I had recently written about how 2013 has been an extremely exciting year for investors in the solar industry, as we have seen Photovoltaic (PV) installations increase tremendously and more and more Americans warm to using solar power. As the solar industry continued to boom, solar stocks naturally had a strong run upwards, especially after First Solar (FSLR) announced very bullish 2013 forecasts. However, FSLR has now retraced a little, and it's worth looking into why.
FSLR suffered a drop on Tuesday May 7 of around 9% after reporting its Q1 2013 results of revenue of $755 million, a decrease of $320 million from Q4 2012. The decrease in revenue was attributed to lower revenue from FSLR's Topaz project in California, construction delays with the AVSR project, and lower manufacturing utilization (which had been previously planned as FSLR planned to upgrade production lines).

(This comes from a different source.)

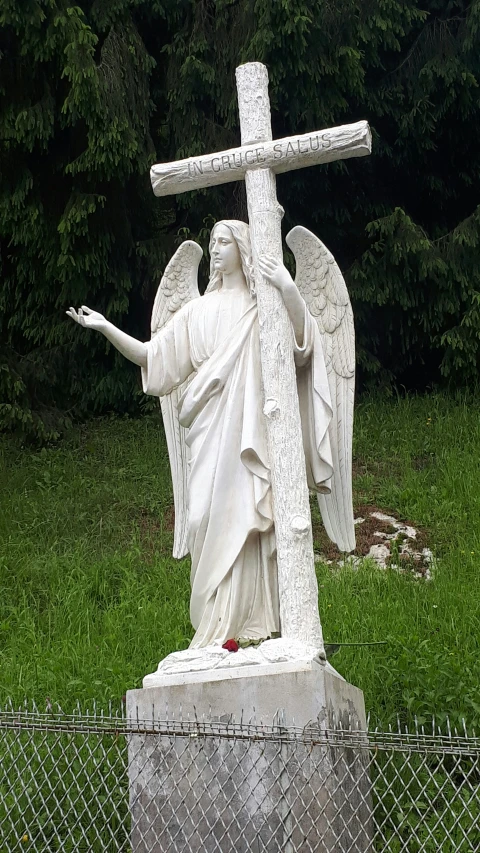 an angel statue sits at the base of a cross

It is generally expected that Q2 2013 results will be stronger, and FSLR management still appears confident that their previous bullish forecasts for the full year of 2013 will be met.
Overall, despite its slight drop in share price, I would not regard FSLR's recent results as particularly disappointing or unexpected. On first glance it may look like a severe decrease for earnings to decline by $320 million from the previous quarter, but Q4 2012 was something of an outlier, and earnings were still well up year-over-year. $755 million in revenue was actually better than the analysts prediction of $726 million, and it is only in their profit per share (69 cents instead of the expected profit per share of 75 cents) where FSLR fell short. The real test will be in Q2 2013 and future quarters to see if FSLR can meet its bullish forecasts.

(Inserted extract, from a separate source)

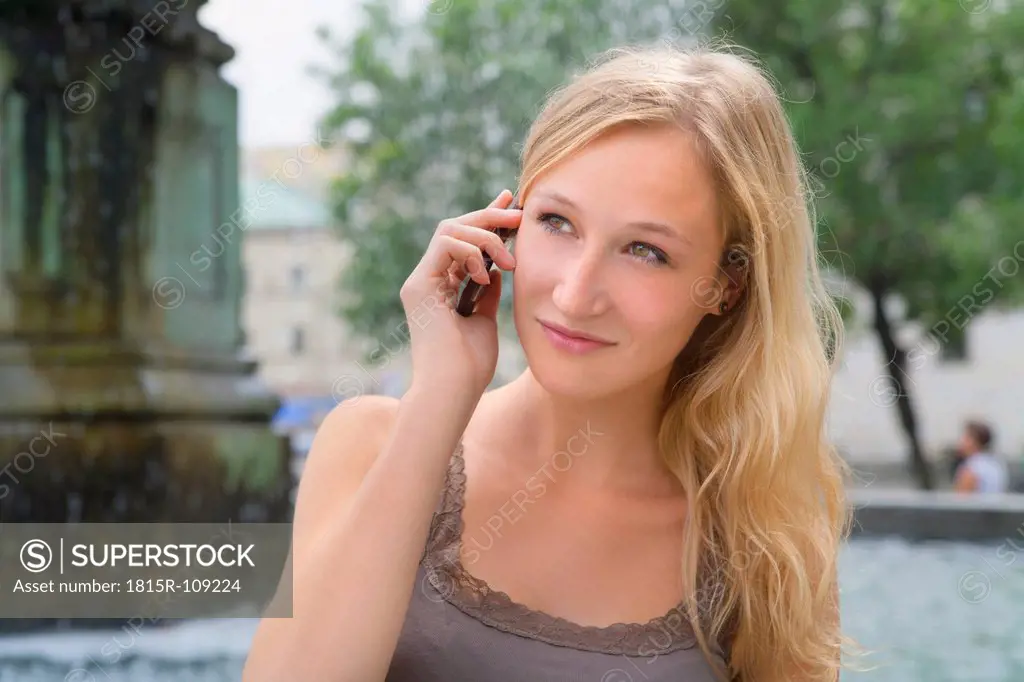 Germany, Bavaria, Munich, Young woman talking on phone in front of Ludwig Maximilian University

A look at the past performance of FSLR shows that it has been a volatile stock over the years, and its drop upon announcing its Q1 2013 earnings was still not particularly large, especially considering how it was trading below $30 in early April. The general consensus among analysts appears to be that FSLR is still slightly overextended, and it generally is not being recommended as a buy at its current levels. FSLR has made forecasts all the way to 2015 (though their forecasts there for earnings per share of $4 to $6 leave a wide margin), and if the forecasts are met, it will have proved to be a smart investment.
The main competitor to FSLR and the second highest American solar stock by market cap, SPWR had strong Q1 2013 earnings and now trades at its 52 week highs (though unlike FSLR, it is not profitable). Revenue increased substantially from America (as to be expected), and SPWR also saw a surge in demand from Japan. During Q1 2013 SPWR released its new X-series panel (with world record efficiency of 21.5%), commenced construction of its 579 MW Antelope Valley Solar project, and began to complete the construction of its California Valley Solar Ranch project. These new projects are expected to add around $3.5 billion in revenue between 2013 and 2016. For those confident in the continued growth of the solar industry, it would seem that SPWR is a reasonable investment, as I believe it has very reasonable chances of achieving profitability in future.

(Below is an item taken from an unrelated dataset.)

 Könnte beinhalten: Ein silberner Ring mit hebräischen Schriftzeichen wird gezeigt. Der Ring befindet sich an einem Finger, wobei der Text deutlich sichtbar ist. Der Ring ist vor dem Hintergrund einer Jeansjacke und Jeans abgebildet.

SCTY will release their Q1 2013 results on May 13. While the stock has not announced any truly meaningful news recently, it dropped substantially on May 7, presumably due to a downgrade from Goldman Sacks (GS) from buy to neutral (currently there is a $23 price target on SCTY). Analysts at Needham & Company also adjusted their rating for SCTY on May 7 from buy to hold, and give a price target of $18. It would appear that these analyst upgrades had an effect on SCTY's stock price.
City's past Q4 2012 earnings were not particularly impressive, and the stock dropped a little on March 6 when they were announced. However, since then the stock has risen substantially, not due to any particularly company-specific news but rather because the solar industry has been extremely strong over the past couple of months (as the saying goes, a rising tide lifts all boats). SCTY is one of the main American-based solar stocks behind FSLR and SPWR, and although it holds substantial assets, it is not certain whether it will achieve profitability in the near future.
Other Solar Stocks
There are numerous Chinese-based solar stocks such as Yingli Green (YGE), Trina Solar (TSL) and Suntech (STP) which have followed a slightly different path to American solar stocks, as they were stronger in early 2013 and have now declined (TSL is currently the strongest while STP has lost over two thirds of its value since early 2013). Recently the European Commission has agreed to impose punitive import duties on solar panels from China, which will have a further negative effect on Chinese solar stocks. In my view, Chinese solar stocks carry more risk than the main American solar stocks, and do not represent ideal investments.
Is The Solar Industry Still Strong?
While the industry leader FSLR hit a small setback upon releasing its Q1 2013 results, I believe the bullish outlook for the American solar industry is still valid, and I expect the 3 main American solar stocks (FSLR, SPWR and SCTY) to continue performing well throughout the rest of 2013.